Look in the material below for the line holding "UGG Classic Short". Set it down exactly, with each later line up to and including the line holding "Bello Family - Kratom".
======== MATERIAL PROVIDED ========
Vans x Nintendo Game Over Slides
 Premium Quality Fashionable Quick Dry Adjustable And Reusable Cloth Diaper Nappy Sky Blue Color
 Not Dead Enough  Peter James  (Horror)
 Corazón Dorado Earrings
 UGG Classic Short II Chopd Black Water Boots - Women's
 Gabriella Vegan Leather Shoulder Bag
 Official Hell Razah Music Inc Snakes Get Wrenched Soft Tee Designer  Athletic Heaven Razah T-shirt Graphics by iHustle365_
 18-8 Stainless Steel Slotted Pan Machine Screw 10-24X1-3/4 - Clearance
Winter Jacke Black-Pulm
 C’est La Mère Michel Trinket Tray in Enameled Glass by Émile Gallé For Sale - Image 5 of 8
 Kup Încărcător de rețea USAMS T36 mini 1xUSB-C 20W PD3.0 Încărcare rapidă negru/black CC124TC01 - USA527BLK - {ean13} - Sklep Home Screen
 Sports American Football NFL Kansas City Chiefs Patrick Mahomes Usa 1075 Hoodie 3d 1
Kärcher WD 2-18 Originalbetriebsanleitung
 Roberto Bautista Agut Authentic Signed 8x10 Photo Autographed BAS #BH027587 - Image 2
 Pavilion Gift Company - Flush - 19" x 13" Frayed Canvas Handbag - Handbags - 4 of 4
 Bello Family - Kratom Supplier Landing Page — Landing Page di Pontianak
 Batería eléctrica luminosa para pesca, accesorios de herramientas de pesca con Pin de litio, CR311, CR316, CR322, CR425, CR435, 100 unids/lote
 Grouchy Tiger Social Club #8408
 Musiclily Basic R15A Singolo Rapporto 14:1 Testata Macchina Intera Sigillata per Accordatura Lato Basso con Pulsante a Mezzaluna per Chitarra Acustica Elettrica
========
#### FINISHED EXERCISE
 UGG Classic Short II Chopd Black Water Boots - Women's
 Gabriella Vegan Leather Shoulder Bag
 Official Hell Razah Music Inc Snakes Get Wrenched Soft Tee Designer  Athletic Heaven Razah T-shirt Graphics by iHustle365_
 18-8 Stainless Steel Slotted Pan Machine Screw 10-24X1-3/4 - Clearance
Winter Jacke Black-Pulm
 C’est La Mère Michel Trinket Tray in Enameled Glass by Émile Gallé For Sale - Image 5 of 8
 Kup Încărcător de rețea USAMS T36 mini 1xUSB-C 20W PD3.0 Încărcare rapidă negru/black CC124TC01 - USA527BLK - {ean13} - Sklep Home Screen
 Sports American Football NFL Kansas City Chiefs Patrick Mahomes Usa 1075 Hoodie 3d 1
Kärcher WD 2-18 Originalbetriebsanleitung
 Roberto Bautista Agut Authentic Signed 8x10 Photo Autographed BAS #BH027587 - Image 2
 Pavilion Gift Company - Flush - 19" x 13" Frayed Canvas Handbag - Handbags - 4 of 4
 Bello Family - Kratom Supplier Landing Page — Landing Page di Pontianak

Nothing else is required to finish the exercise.